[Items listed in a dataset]
....
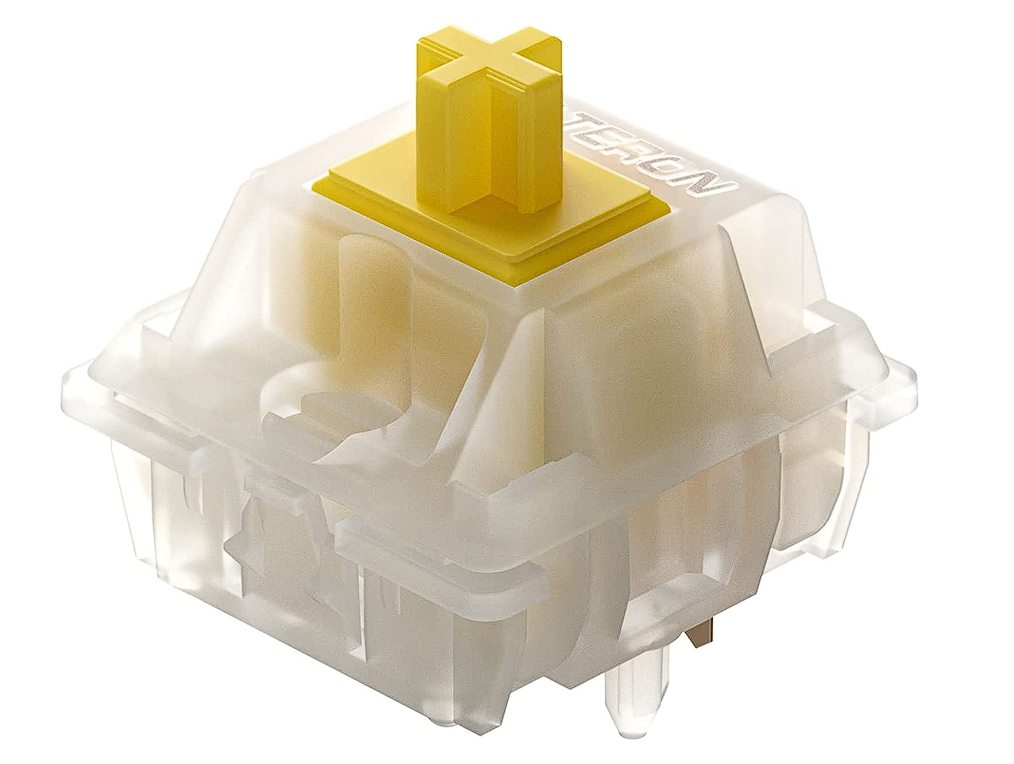 

Gateron Milky Pro Yellow Switch Przełączniki 1x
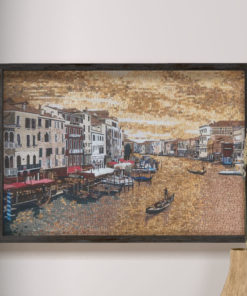 Venice Portrait Art Mosaic
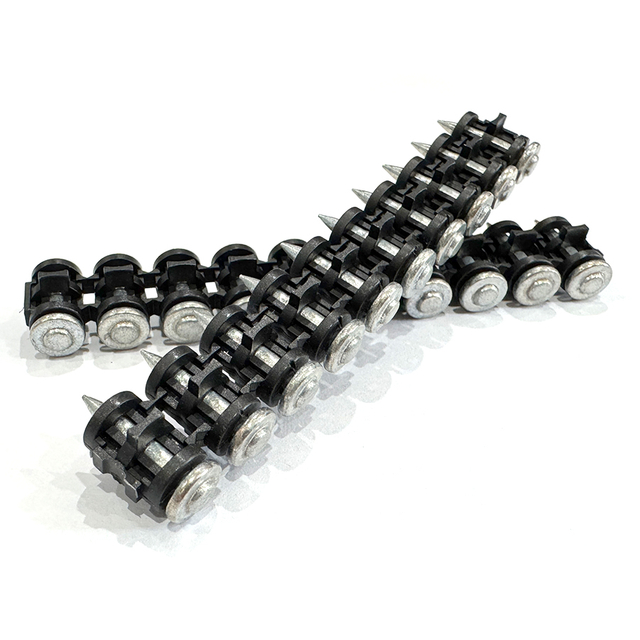 Гвозди для оцинкованного бетона B3, калибр 5/8 дюйма X 0,12 дюйма, 12 дюймов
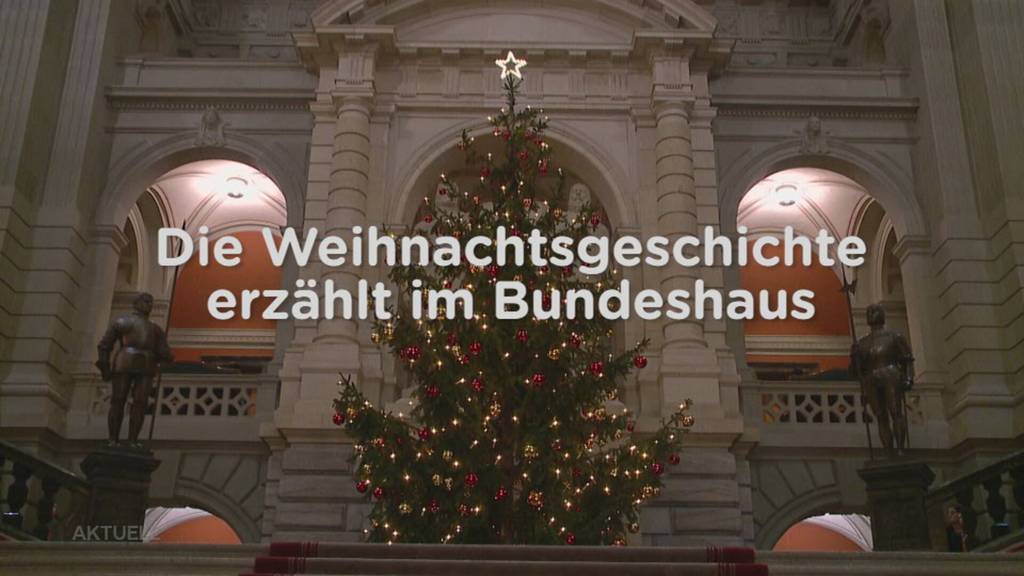 So klingt die Weihnachtsgeschichte im Bundeshaus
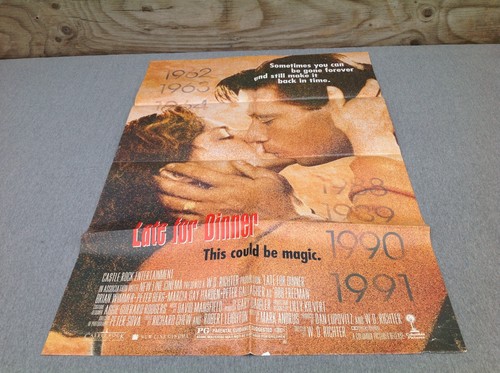 1991 Late For Dinner Original Movie House Full Sheet Poster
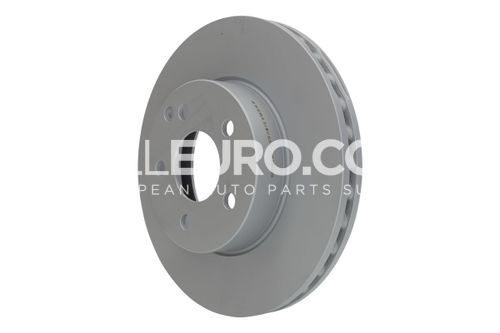 ATE Front Disc Brake Rotor 2124211312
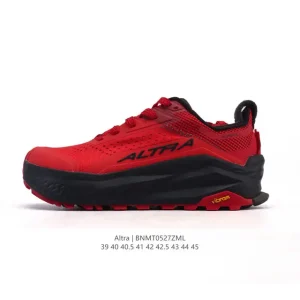 Altra Olympus 6 Men's Trail Running Shoes - Wide Toe Box Zero Drop Cushioning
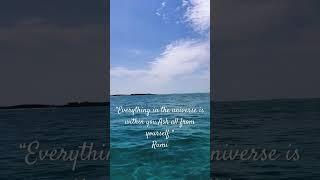 Rumi “everything is within you” #nature #spirituality #love #rumipoetry #quebec #meditationmusic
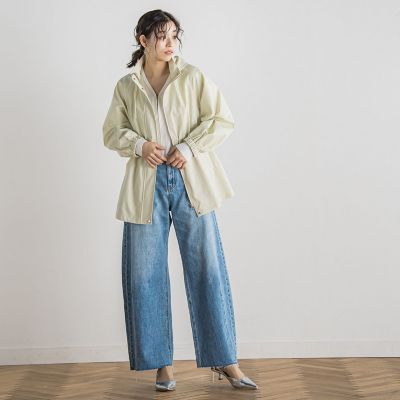 ダブルＺＩＰ　Ｖカーデ≪手洗い可能≫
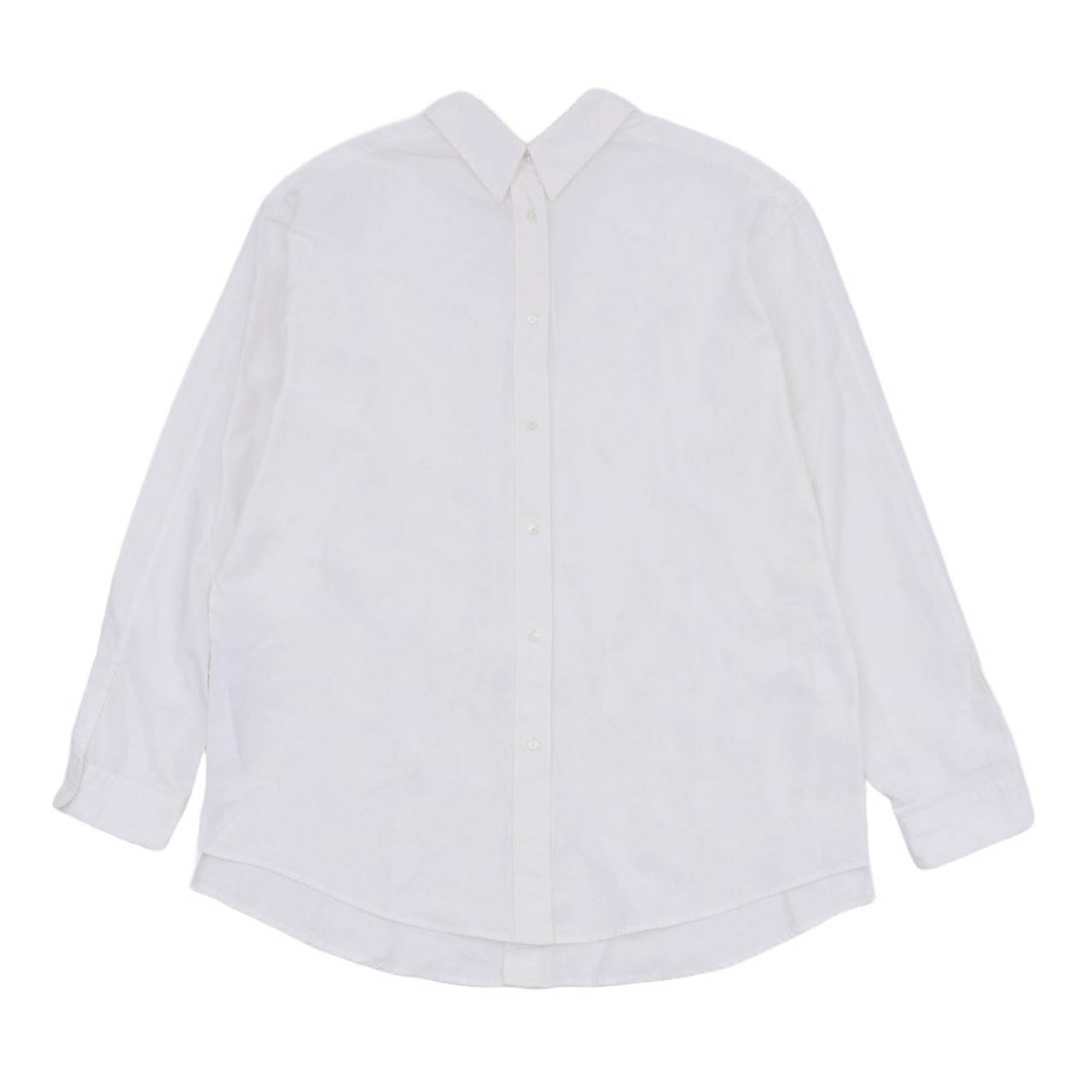 HED MAYNER】Two-Sided Buttoned Shirt(OFF WHITE) | AYIN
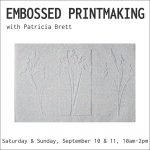 Embossed Printmaking with Patricia Brett
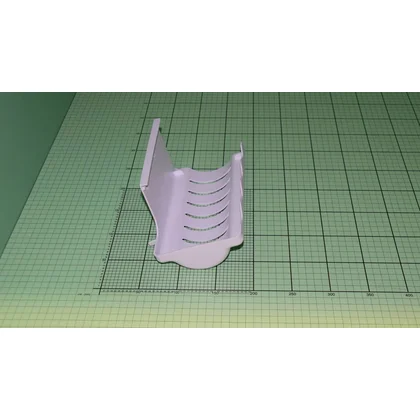 Półki na drzwi różni producenci Półka na butelki do lodówki Amica 22 cm 1021825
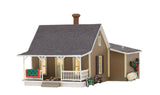 WOODLAND SCENICS HO Build-&-Ready: Granny's House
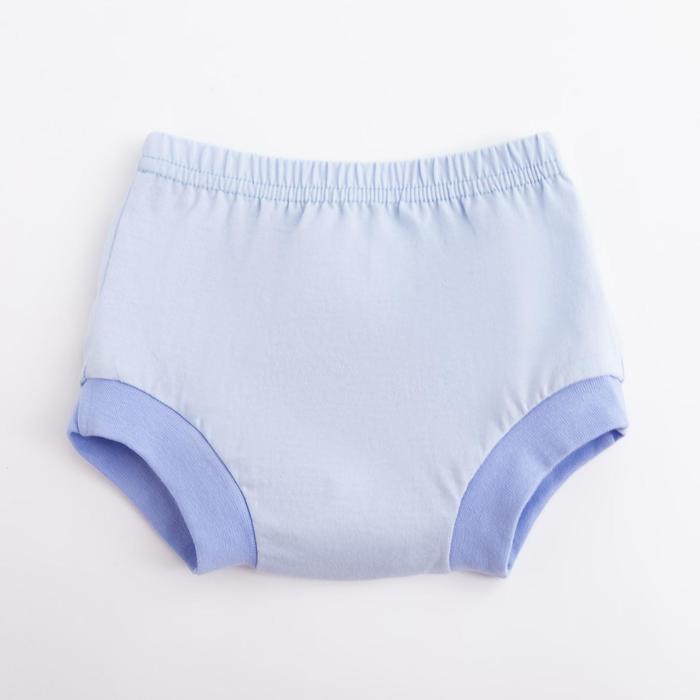 Трусы на подгузник, цвет голубой, рост 80 см
Трусы на подгузник, цвет голубой, рост 80 см
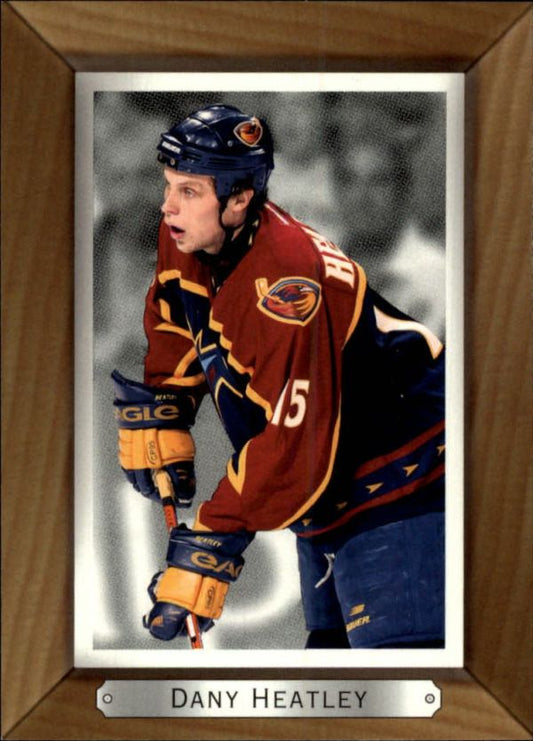 NHL 2003-04 BeeHive - No 11 - Dany Heatley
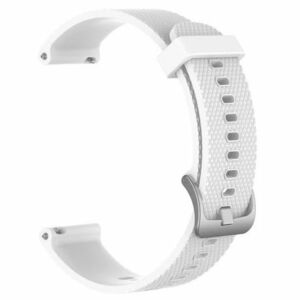 BStrap Silicone Land remienok na Garmin Vivoactive 3, white (SGA005C03) vyobraziť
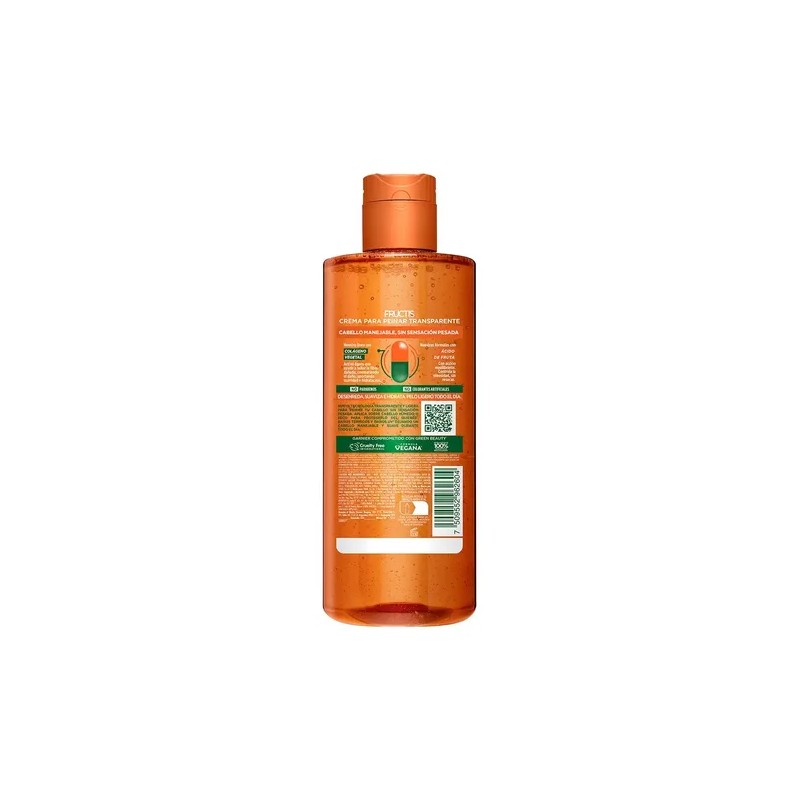 Crema En Gel Para Peinar Fructis Borrador De Daño De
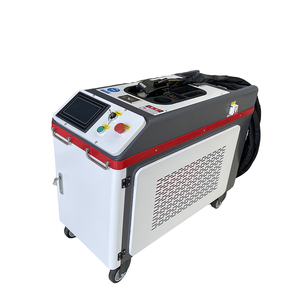 Machine de nettoyage au laser pulsé JPT MOPA portable de haute qualité, 500W/1000W, pour le décapage de la peinture sur voiture, bois, pierre, métal - Product Image 2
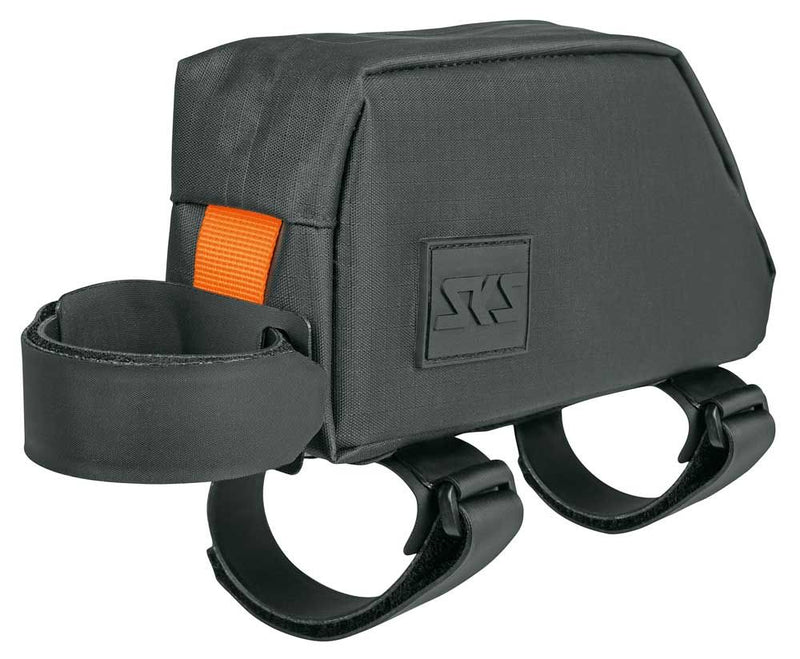 Afbeelding laden in galerijviewer, Sks frametas urban toptube bag bovenbuis 0,65l zwart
....
Set the preceding data down again word for word, omitting images.

**Exercise result:**
Gateron Milky Pro Yellow Switch Przełączniki 1x
 Venice Portrait Art Mosaic
 Гвозди для оцинкованного бетона B3, калибр 5/8 дюйма X 0,12 дюйма, 12 дюймов
 So klingt die Weihnachtsgeschichte im Bundeshaus
 1991 Late For Dinner Original Movie House Full Sheet Poster
 ATE Front Disc Brake Rotor 2124211312
 Altra Olympus 6 Men's Trail Running Shoes - Wide Toe Box Zero Drop Cushioning
 Rumi “everything is within you” #nature #spirituality #love #rumipoetry #quebec #meditationmusic
 ダブルＺＩＰ　Ｖカーデ≪手洗い可能≫
 HED MAYNER】Two-Sided Buttoned Shirt(OFF WHITE) | AYIN
 Embossed Printmaking with Patricia Brett
 Półki na drzwi różni producenci Półka na butelki do lodówki Amica 22 cm 1021825
 WOODLAND SCENICS HO Build-&-Ready: Granny's House
 Трусы на подгузник, цвет голубой, рост 80 см
Трусы на подгузник, цвет голубой, рост 80 см
 NHL 2003-04 BeeHive - No 11 - Dany Heatley
 BStrap Silicone Land remienok na Garmin Vivoactive 3, white (SGA005C03) vyobraziť
 Crema En Gel Para Peinar Fructis Borrador De Daño De
 Machine de nettoyage au laser pulsé JPT MOPA portable de haute qualité, 500W/1000W, pour le décapage de la peinture sur voiture, bois, pierre, métal - Product Image 2
 Afbeelding laden in galerijviewer, Sks frametas urban toptube bag bovenbuis 0,65l zwart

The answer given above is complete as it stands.